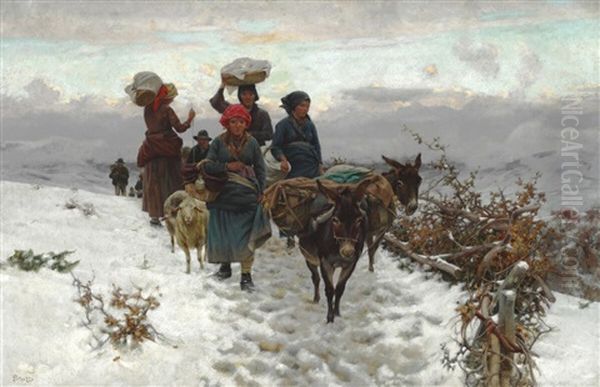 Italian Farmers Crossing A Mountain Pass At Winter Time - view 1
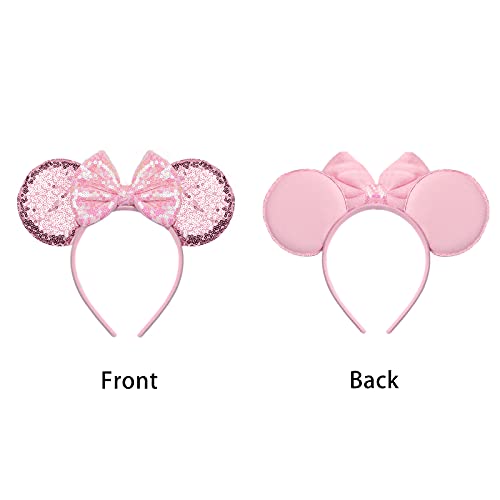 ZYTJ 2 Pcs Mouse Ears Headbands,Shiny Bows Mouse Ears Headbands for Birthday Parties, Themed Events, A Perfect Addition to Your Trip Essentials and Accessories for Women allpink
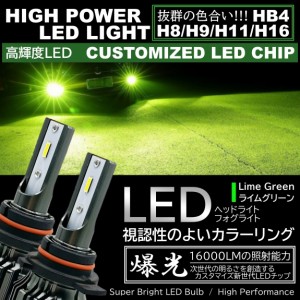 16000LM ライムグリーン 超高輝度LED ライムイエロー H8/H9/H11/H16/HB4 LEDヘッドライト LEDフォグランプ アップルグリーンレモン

---

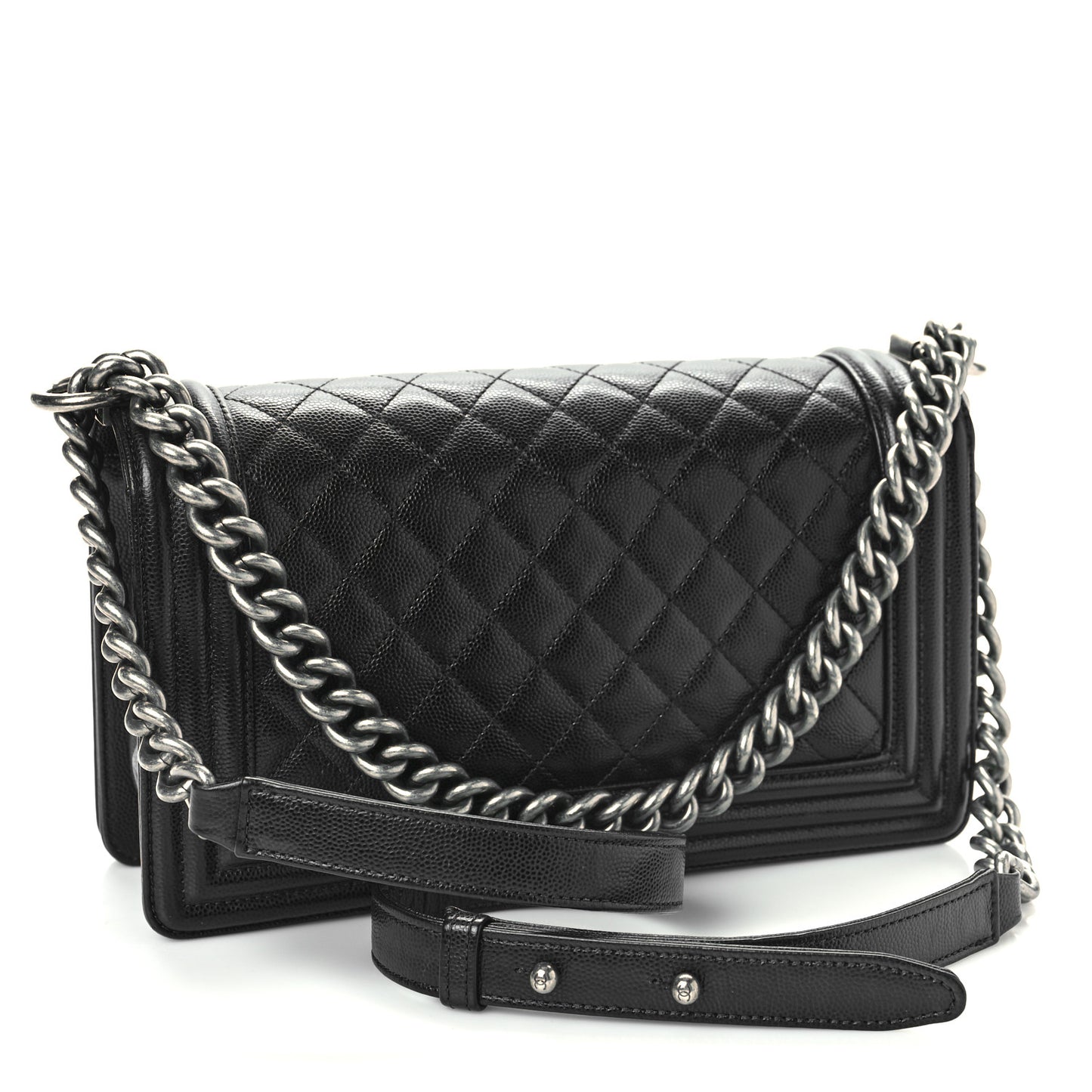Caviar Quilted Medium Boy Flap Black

--

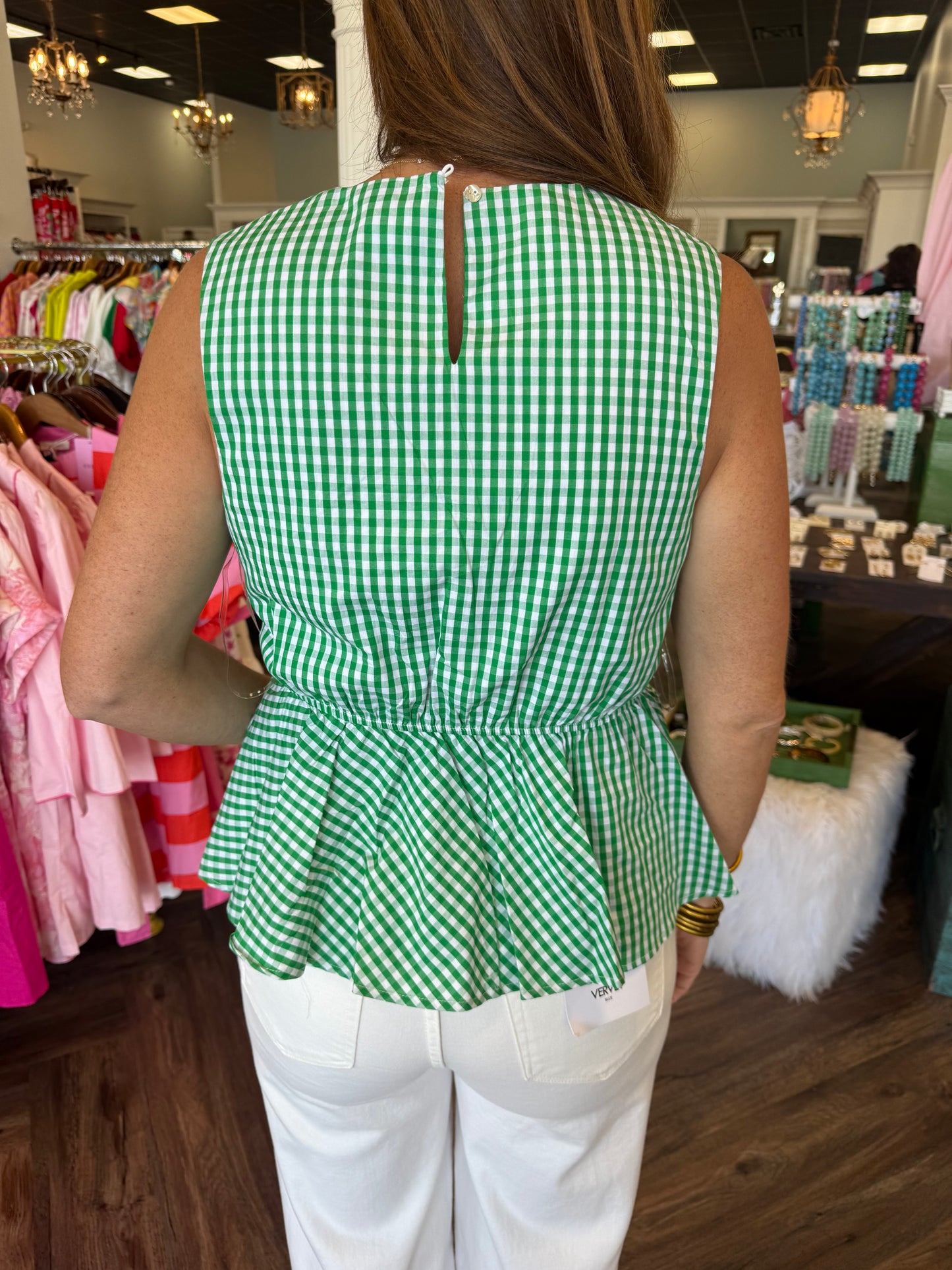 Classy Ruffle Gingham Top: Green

Problem statement -> Beginning with the line that contains "ZYTJ 2 Pcs Mouse", write out the lines of the material above exactly, and end with the line that contains "16000LM ライムグリーン 超高輝度LED". Omit the pictures.

Exercise solution ->
 ZYTJ 2 Pcs Mouse Ears Headbands,Shiny Bows Mouse Ears Headbands for Birthday Parties, Themed Events, A Perfect Addition to Your Trip Essentials and Accessories for Women allpink
 16000LM ライムグリーン 超高輝度LED ライムイエロー H8/H9/H11/H16/HB4 LEDヘッドライト LEDフォグランプ アップルグリーンレモン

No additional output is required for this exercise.